There are several approaches to detecting HGT, all of which are best used in conjunction with each other [16]. The first evidence usually comes from sequence similarity to a gene in a distantly related organism or in the viral host. Phylogenetic gene trees which include sequences from both viruses and cellular organisms can also provide an indication of host gene capture where virus genes group closely with homologs from the host or organisms related to the host, i.e. where gene history differs from species history [17]. Atypical base composition of a particular gene, for example a GC content that differs significantly from that of most other genes in the genome, provides another piece of evidence that HGT may have recently taken place and this approach has been used to detect host-derived regions in poxviruses [18] and other small genomes [19]. This signal, however, is expected to fade over time and therefore this approach is only useful for detecting recent HGT.

These difficulties are compounded when one wishes to test whether there have been multiple independent HGT events of the same gene into related viruses. This may be indicated by a polyphyletic relationship in the phylogenetic tree, but such a tree would require strong support (e.g., high bootstrap values) for several branches in order to be reliable – frequently this support is not there.
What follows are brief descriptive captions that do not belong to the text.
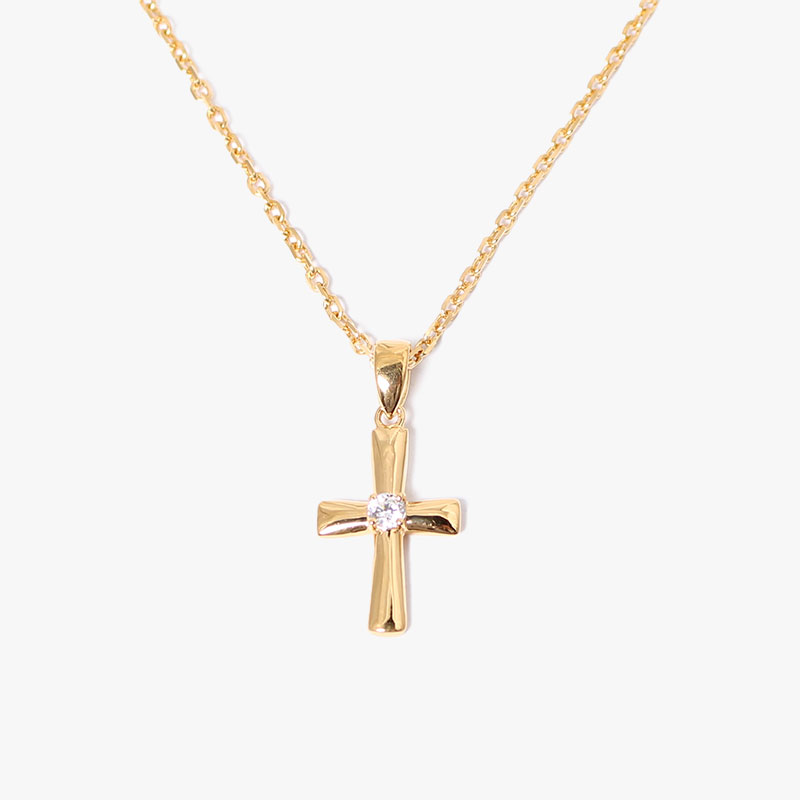 CROSS NECKLACE -GOLD-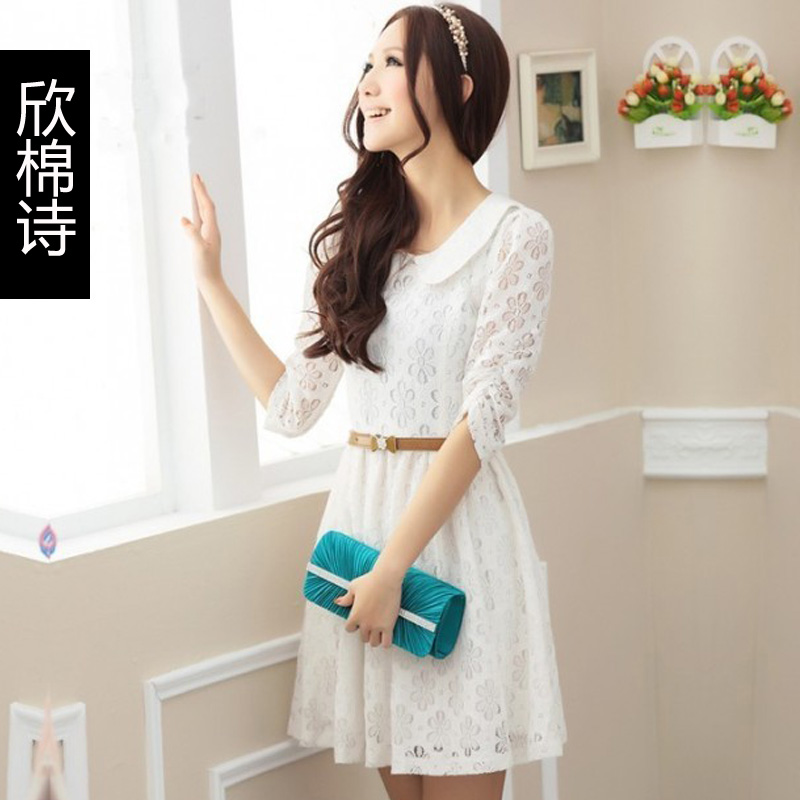 韩版新女装娃娃领...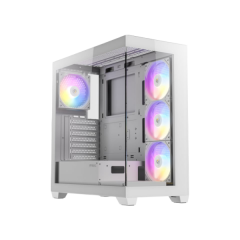 מארז Antec CX300 ARGB White Mid-Tower 4x120mm Fan Include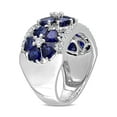 thumbnail image 3 of Everly Women's Created Sapphire Sterling Silver Ring, 3 of 6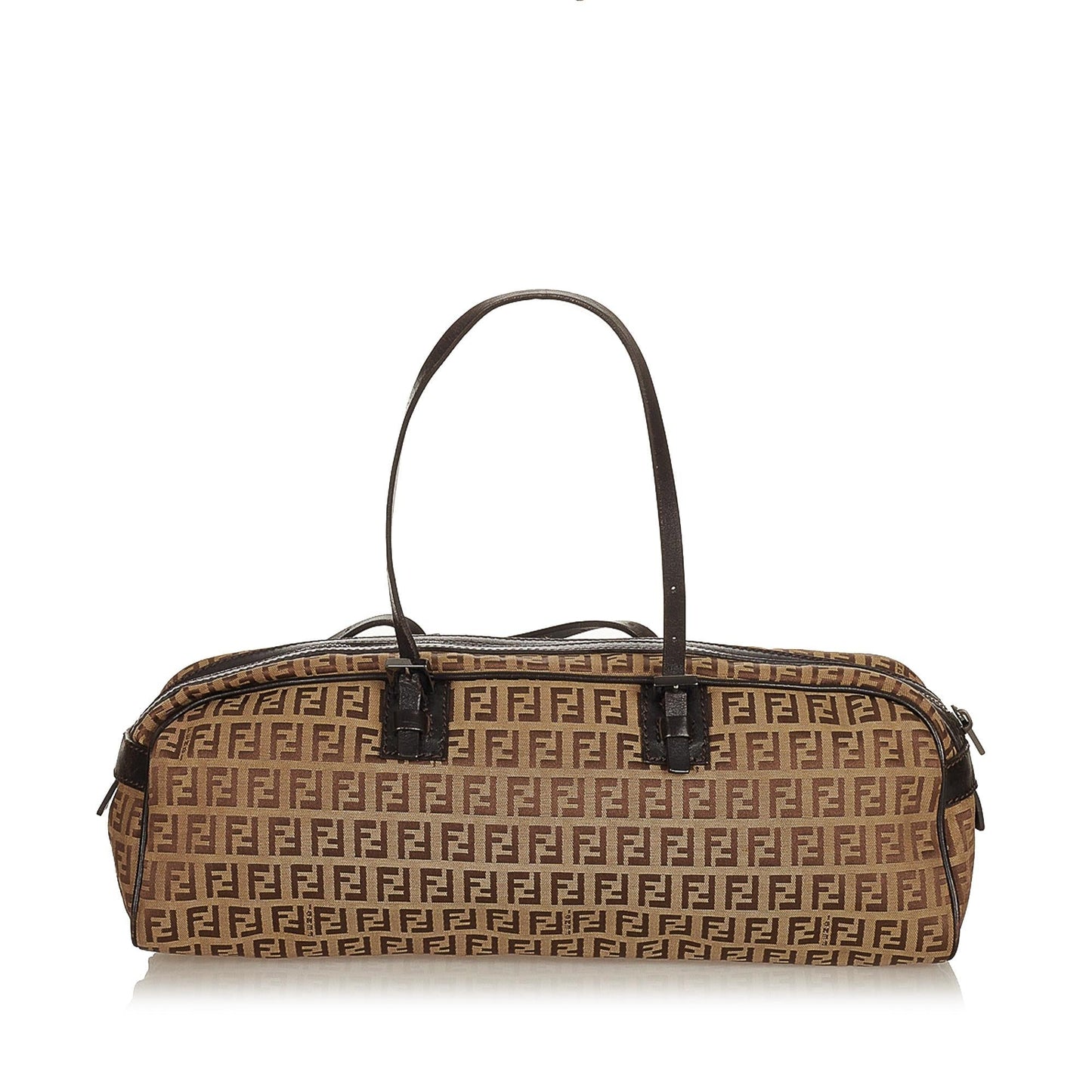 Fendi Zucchino Handbag Shg Canvas Satchel Bag Handbag Shg 26784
A mixed pattern of presence and absence of a particular gene in a group of closely related organisms is another indication for horizontal transfer of the gene in question, but an ancestral origin with loss in some genomes can also explain this observation.
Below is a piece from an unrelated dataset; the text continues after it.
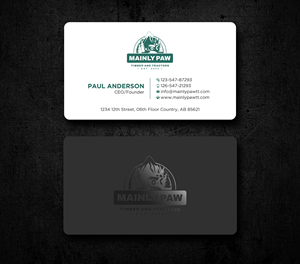 Business Card Design by Uttom 2 for Mainely Paws LLC | Design: #33084057
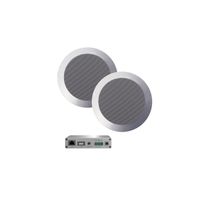 Wifi-Audio versterker Aquasound DLNA + Airplay 30 Watt Incl Twist Speakers Mat Chroom Aquasound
We use comparative gene order information to distinguish between a shared history of the HTgene in the virus genomes and several independent transfer events. Where a given HTgene is in an equivalent location in terms of its neighboring genes in all of the genomes only a single transfer event is supported. A HTgene that is located in a different genomic region in related viruses strengthens the case for several transfer events rather than a common origin. This is an especially strong tool in poxviruses where the gene order is highly conserved throughout the syntenic core of the genome [9, 20].
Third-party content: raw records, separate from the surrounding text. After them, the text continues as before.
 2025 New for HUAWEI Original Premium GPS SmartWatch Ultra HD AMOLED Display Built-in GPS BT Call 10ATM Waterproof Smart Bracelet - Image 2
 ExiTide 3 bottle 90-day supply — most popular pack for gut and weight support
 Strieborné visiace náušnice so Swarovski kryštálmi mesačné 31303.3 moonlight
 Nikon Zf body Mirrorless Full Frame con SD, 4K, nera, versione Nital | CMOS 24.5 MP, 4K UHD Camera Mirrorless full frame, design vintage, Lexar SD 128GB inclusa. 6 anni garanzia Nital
We systematically searched for evidence of HGT between poxviruses and other organisms using strict search criteria and identified nine candidate HTgenes, some of which had been previously reported. We examined both the tree topology and the genomic context for evidence of the number of HGT events. We also applied the comparative synteny method to several candidate horizontally transferred genes reported in the literature [11, 21].

Results and Discussion

Poxvirus gene families and species phylogeny

Poxvirus genes were grouped into families based on protein sequence similarity (see Methods). 14,936 genes were grouped into 730 families of a least three members. Of these, 33 gene families were found in single copy in each of the completely sequenced genomes; we labelled these "core families" for our purposes (Table 1). A further 523 gene families were found in single copy in a subset of the completely sequenced genomes; we labelled these "ortholog families". Finally, 174 families were defined that contained both orthologs and paralogs; we labelled these "ortho-paralog families".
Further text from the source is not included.